In between the business of life I have managed to finish reading two major books from my lists as well as some lighter
fare for fun in the last couple of weeks. On July 30th, 2011, I finally finished reading The Tale of Genji by Lady Murasaki Shikibu. It took me two months to read all 1,135 pages as well as various online sources, papers, and a book of artwork entitled The Tale of Genji: legends and paintings, edited by Miyeko Murase as supplemental material to better understand all 1,135 pages of Genji. It was a long journey. Indeed it has rather overshadowed my summer. I have dragged that book along with me to almost all my regular haunts. Sometimes I do a double take when I realize my bag is unusually light and easy to hold. Now that I’m done, I have a lot of thoughts brewing which will erupt into a proper long post dedicated to my reading experience in time. Teaser for you: there will be dew drops.

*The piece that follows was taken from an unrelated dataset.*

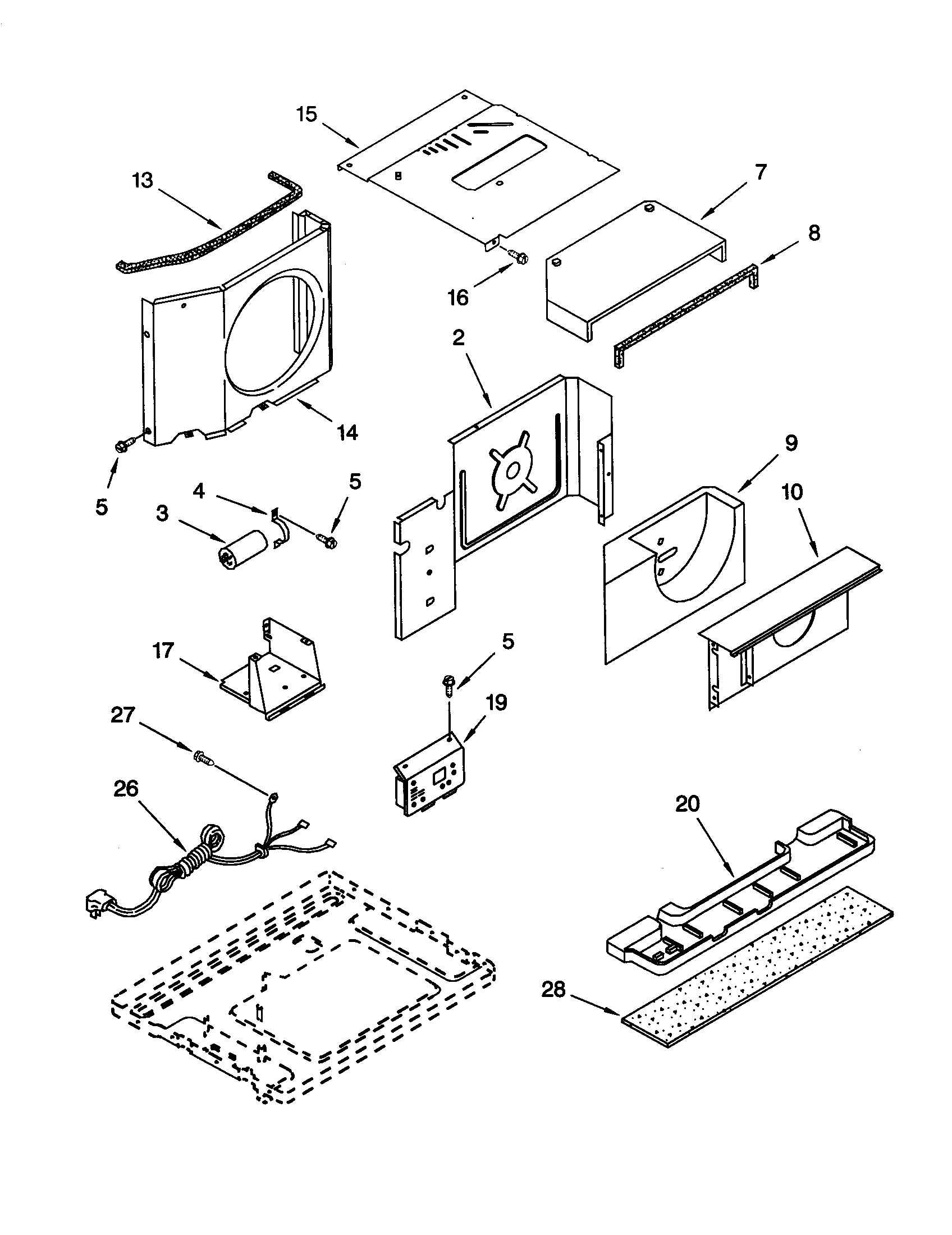 Airflow and control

Today I finished reading The Martian Chronicles by Ray Bradbury. It was sublime. I copied out more quotes from the book into my reading journal than I’ve done for any other book this summer. This is a book I will cherish and reference. I am even tempted to embroider some of those quotes, embroidery is not my favorite pastime but Bradbury’s turns of phrase are very worth remembering. I’ve been meaning to read this book for years, ever since I read “There Will Come Soft Rains,” in middle school English composition. Yet, I’m glad it took this long. I’m glad I read it this month, this summer, this year of my life rather than any previous one. I think books, like people, sometimes come into a life exactly when they are meant to do so to effect the greatest impact on that life. Being an optimist by nature, I will go as far as saying that this miracle of timing happens when the most good is meant to be done, can be done, for that particular person. I needed Bradbury’s words from this particular book at this particular time. This year has been a rough ride and it’s not over yet but I’m glad I have this book in my heart for ballast. I have more to say but that too will come after more time for pondering.

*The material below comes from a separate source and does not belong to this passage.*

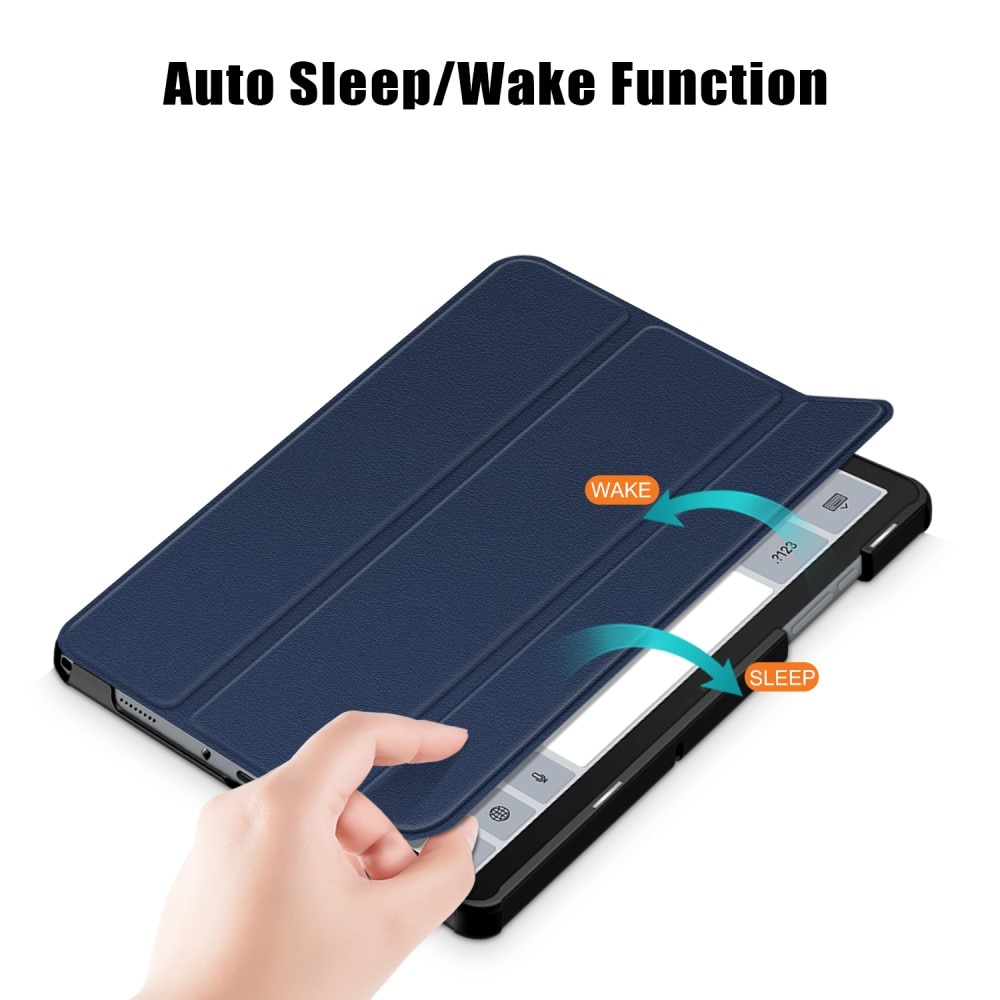 Funda Tri-Fold Samsung Galaxy Tab A9 Plus Azul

To recover from the experience of Genji I read a pile of Agatha Christie novels which I haven’t read in years. Like a sorbet after a heavy course my reading palate feels cleansed. These are pure fun for me. I delight in watching Christie’s narrative sleight of hand as she plays with train schedules, minutiae of meals, and human caricatures which she contrives to have heart all the same. I love how her books almost always have a touch of acerbic humor, English mannerisms, witty dialogue, and almost always a sweet romance. I love Poirot and Miss Marple. I love their staunch opposition to evil and wickedness as well as their human foibles, their distinct personalities. After reading about the excesses and stupidity of the super rich of ancient Japan, a dose of plain English traditions coupled with a solid whodunit was a welcome change. I read The Third Girl , The Seven Dials Mystery, and A Pocketful of Rye. They are all splendid and heartily recommended by me.

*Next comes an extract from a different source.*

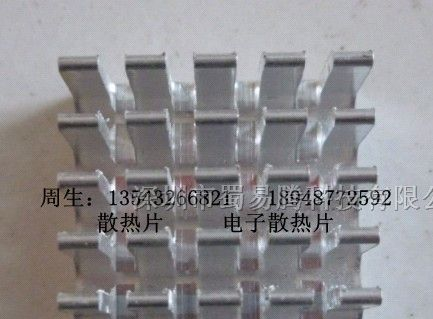 散热片电子散热片铝散热片电源散热片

Next up, I will embark on Gravity’s Rainbow and Briar Rose from my respective lists. I am still plugging away on Voyage of the Beagle which I am determined to finish before summer’s end. Some might say that summer is over when school starts but since I’m not confined to a big yellow school bus any longer I say that summer is over at September 1st and not a day before. I still have three weeks and four days worth of summer left and I mean to make the most of it. According to my calculations, I have read 3,348 pages worth of text this summer, not counting science papers and fun books like Agatha Christie. I am determined to see how many more I can yet cram into these warm breezy days and I encourage all my dear readers to do the same.